We were loading the groceries in the back of the car and I was digging in the bottom of a bag trying to find the jelly beans I’d bought. I love jelly beans and Easter time is about the only time I allow myself to have any.
“Squeak squeak,”
went Bondi’s new toys.
She sat up in her
car seat, turned and looked at us, her ears at full attention.
“Uh-oh,” Mike
said. “You shouldn’t’ve done that.”
“I know, but I
wanted my jelly beans!”
Bondi whined the
whole way home.
We cut the leg
quarters apart and froze them.
“Do you know what
I need?” I asked my handsome mountain man.
“What?”
“A dry erase
board. That way I wouldn’t have to open the freezer every time I wanted to know
what was in there.” Besides our stockpile of frozen meat and veggies, I have
some prepared meals in there, too.
Mike, good
husband that he is, got online and Googled dry erase boards. He started
rattling off prices.
“Holy cow! I don’t
need one that bad.” Then a picture pops into my head. A picture of the plastic
sheets that Lamar gave me. “I bet they’d work.” I pulled one from my stash,
took a non-permanent marker, made a mark on the plastic, and erased it. “It
works!”
I didn’t want
glue residue from box tape left on the freezer if I decide to remove it, so I
used magnets to hold it in place. Maybe it’s not fancy-schmancy enough for some,
but it does the job, and it’s good enough for me and the guys I go with.
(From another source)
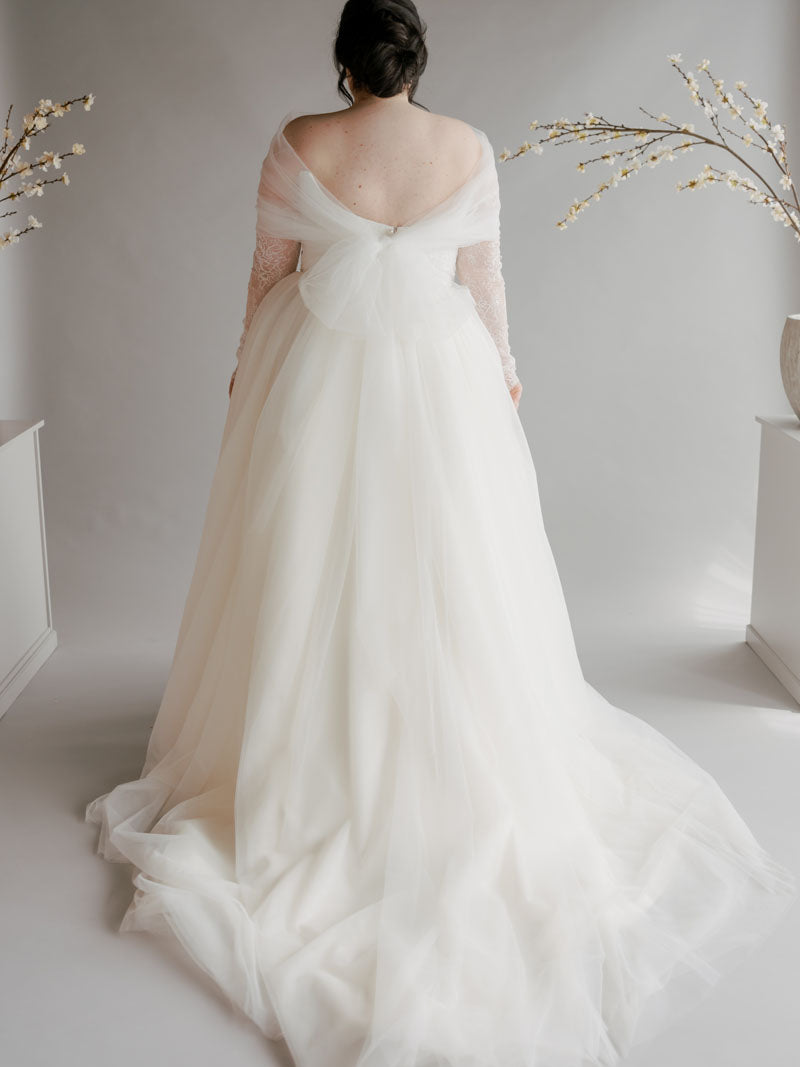 White wedding dress with sheer sleeves on a plain background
Bondi wasn’t really underfoot as we carried our purchases in and started putting stuff away, but she had her full attention on us.
“She knows, doesn’t
she?” I asked.
“Yep,” Mike
answered. He took the pack of five squeaky toys and cut one free. Then he started
squeezing it.
Squeak-squeak-squeak-squeak-squeak-squeak-squeak-squeak-squeak-squeak-squeak-squeak-squeak-squeak-squeak-squeak-squeak-squeak-squeak.
The more he
squeaked it, the more Bondi was whipped into a frenzy. Her tail about wagged
itself off her bottom, she ran in circles, and jumped two feet in the air! Once
Mike threw it, he knew it would be a long time till he saw it again. And it
was. Bondi worked on that squeaker, the whole thing in her mouth (I was a
little worried she’d choke on it) and worked it.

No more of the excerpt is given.